Gun rights advocates are planning a Monday rally in Richmond, and Gov. Ralph Northam has declared a state of emergency and banished firearms from the state Capitol grounds amid fears of extremist violence. Rally organizers are responsible, law-abiding citizens, but they can’t stop unsavory hangers-on from showing up.

Heated rhetoric predicting armed resistance to a government gun grab ought to die down. This week, the most controversial Virginia bill — a measure to ban the sale of so-called assault weapons — died in a state Senate committee when its sponsor asked to withdraw it.

While former Democratic presidential hopefuls Beto O’Rourke and Eric Swalwell are to blame for conjuring the specter of door-to-door gun confiscation, Northam has maintained that any assault weapons ban would include a grandfather clause for people who purchased the firearms lawfully. However, the bill would have required owners of modern sporting rifles like the AR-15 to register them with the state. Creating a registry is feared as a precursor to confiscation.

AR-style guns are functionally similar to wooden-stock semiautomatic rifles commonly used for hunting. They’re not the weapons of war that opponents fear, and efforts to ban them are misguided. Master firearms instructor Dean Hazen explains that the copycat effect, not the rifles’ firepower, is responsible for their use in mass shootings.

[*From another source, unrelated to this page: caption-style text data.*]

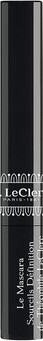 Тушь для бровей T. Leclerc Mascara T. Leclerc Eyebrow Mascara Definition Blond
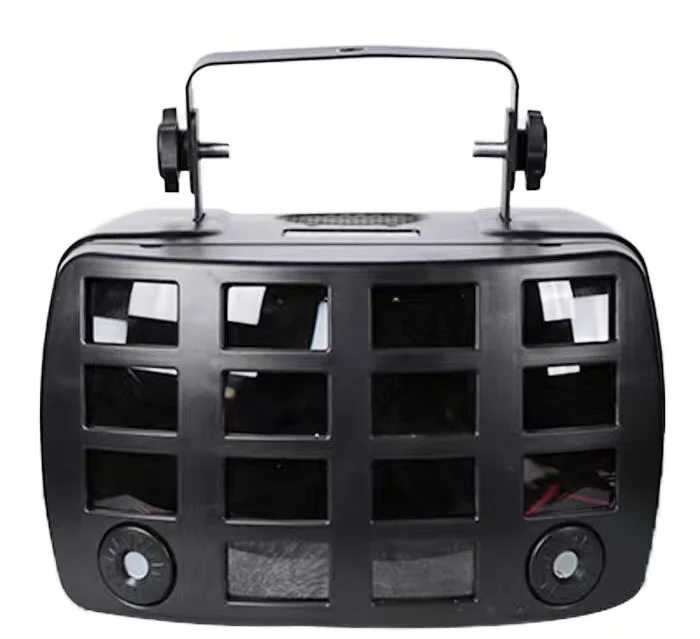 

30W Butterfly светильник с дистанционным управлением
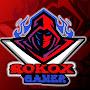 ROKOX GAMER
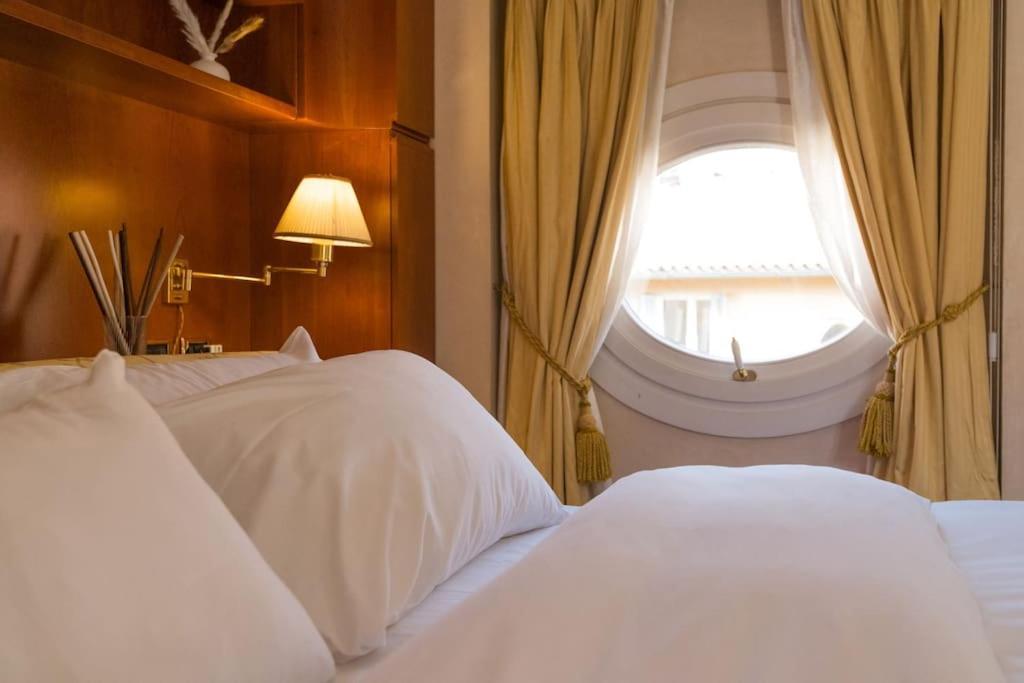 Carbonesi Luxury - Centro Storico Διαμέρισμα Μπολόνια Εξωτερικό φωτογραφία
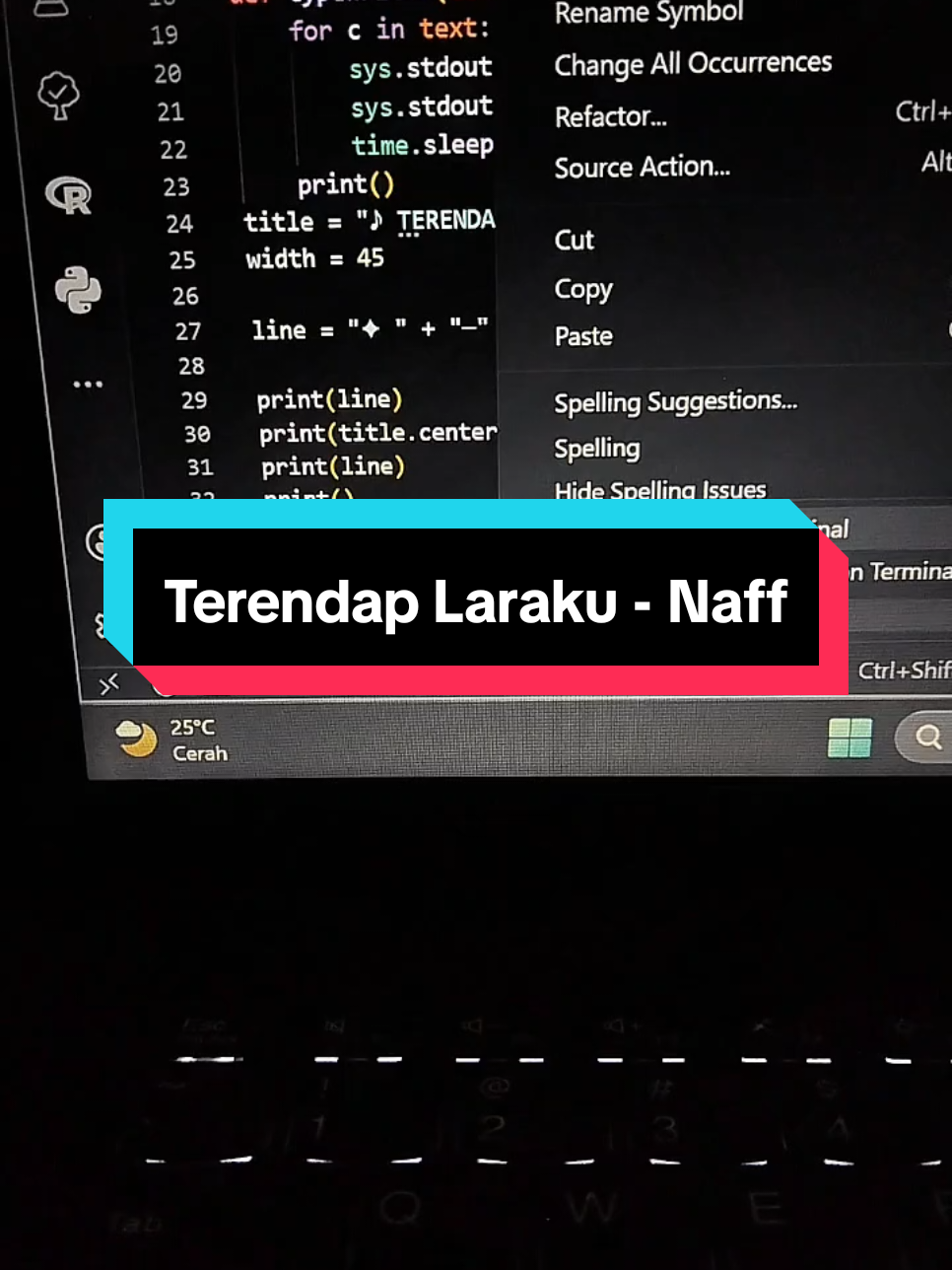 @Endraaa🩻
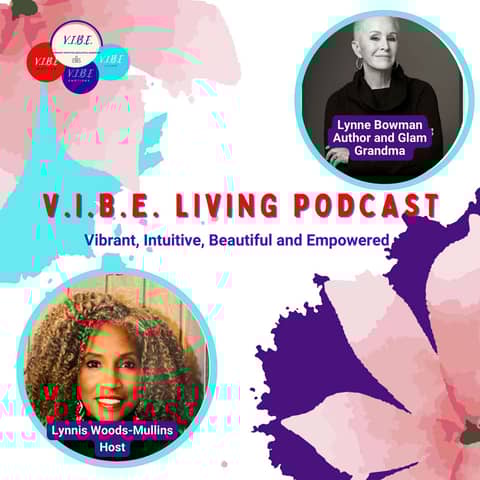 Cooking for Health and Happiness: Recipes for Diabetics and Beyond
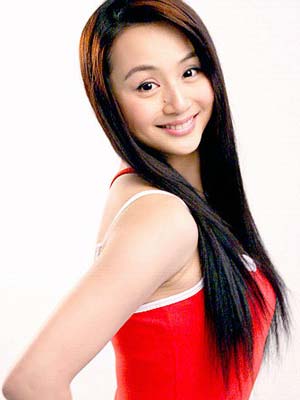 曹颖--人民网娱乐频道--人民网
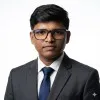 Ankit Gaurea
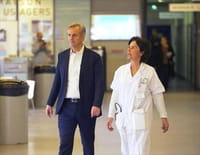 Dossier tabou : Droit de mourir : un tabou français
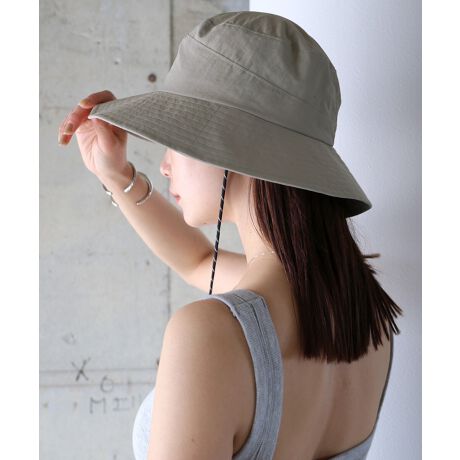 ANMEIWi@\iCfނVsiCnbgtׂ܂B\ʂɃV̂AVJVJƂiCfނ͔ŃTbƏ_炩ŁAypłBH{ĂAOՕ95ȏちUPF50{UV΍\ڐG⊴̋@\tVɝH{AlC̋@\iCfނAbvf[gB̓bVgpĂAɂKȒpłBɂ̓TCỸe[vtBTCh̃R[h͎O\2waydlBR[hbNtłD݂̈ʒuɒ\B]ԂȂǁAŔ΂Ă܂Sẑ|CgłByʂȃiCfނȂ̂ŁAXq܂Ŏ^т\łBgAW[V[܂Ŏg̗ǂnbgłBƑAJbvŌpTCWOɂȂĂ܂Bmfނ̓WJACenEiC_uWbvxXgiiԍF2600001jEiChJ胍OpciiԍF2600002jEiCWp[XJ[giiԍF2600003jEiCt[fBxXgiiԍF2600004jEiCV[ciiԍF2600030jEiCWPbgiiԍF2600032jEiC^bNpciiԍF2600033jBẽCeBOAɂȂĂ郂j^[EPCɂۂ̏iƐFقȂČꍇ܂B̏エ߉BQlTCYFyMTCYzF8.5cḿF57.5cmco̒F8cmR[hSF93cmfށFiC:100%lLkFȂFȂňF┖蔧FƂĂ邻̑F}bgȃVEVJVJYnF􂢁F  hCN[jOF  EFbgN[jOF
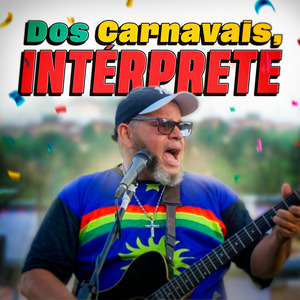 Madeira Que Cupim Não Roe / Último Regresso / Evocação N°1 / Turbilhão / Máscara Negra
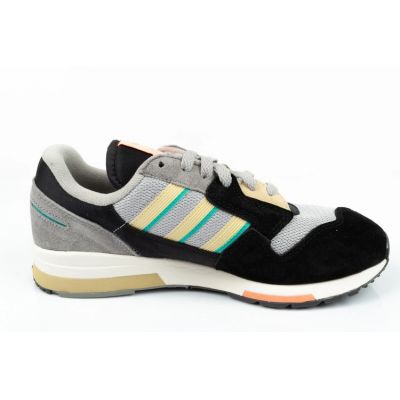 5. Buty adidas ZX 420 M GY2006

“It’s really just a perception thing,” Hazen told USA Today in November 2017. “There are rifles that are more powerful and more dangerous than that, but they’re not being used.”

Other Virginia gun bills would require background checks for private sales, limit buyers to one handgun every 30 days and enact red flag laws that allow authorities to temporarily seize weapons from owners who may be a danger to themselves or others.

The latter legislation poses due process problems. Most red flag laws allow a spouse, partner or relative to give ex-parte testimony. Add a court official’s rubber stamp and you’ve stripped an American citizen of his or her Second Amendment right to keep and bear arms without arrest or trial.

Judges should be able to disarm violent people, but individuals should have the right to defend themselves from accusations of instability or ill intent before officers seize their guns.

Flowery resolutions declaring a county, city or town a “Second Amendment sanctuary” don’t offer gun owners any protection. But plain old inertia might.

President Donald Trump’s U.S. Justice Department issued a rule banning bump stocks — which allow rapid-fire shooting by using recoil to activate successive trigger pulls, mimicking the operation of an automatic weapon — that took effect last March. Owners are required to surrender the devices, but noncompliance is widespread.

Only several hundred bump stocks were turned in to the Bureau of Alcohol, Tobacco, Firearms and Explosives between the rule’s passage in December 2018 and the March 2019 date it took effect. Between 280,000 and 520,000 were in circulation.

“Bump stocks illegal now, but few, if any, local owners have turned theirs in,” an April headline in The Blade of Toledo, Ohio, reported.

The vaunted ATF, backed by the full might of the United States federal government, can’t account for a measly few hundred thousand bump stocks. More likely, it lacks the appetite to force confrontations by rounding them up. Gun owners shrugged and Uncle Sam blinked.

Americans own between 5 million and 10 million AR-15s. There’s no putting that genie back in the bottle.

Gun control advocates have awoken a sleeping giant in Virginia and energized a grassroots movement of passionate Second Amendment defenders. Lawmakers in bordering states, including ours, ought to pay attention.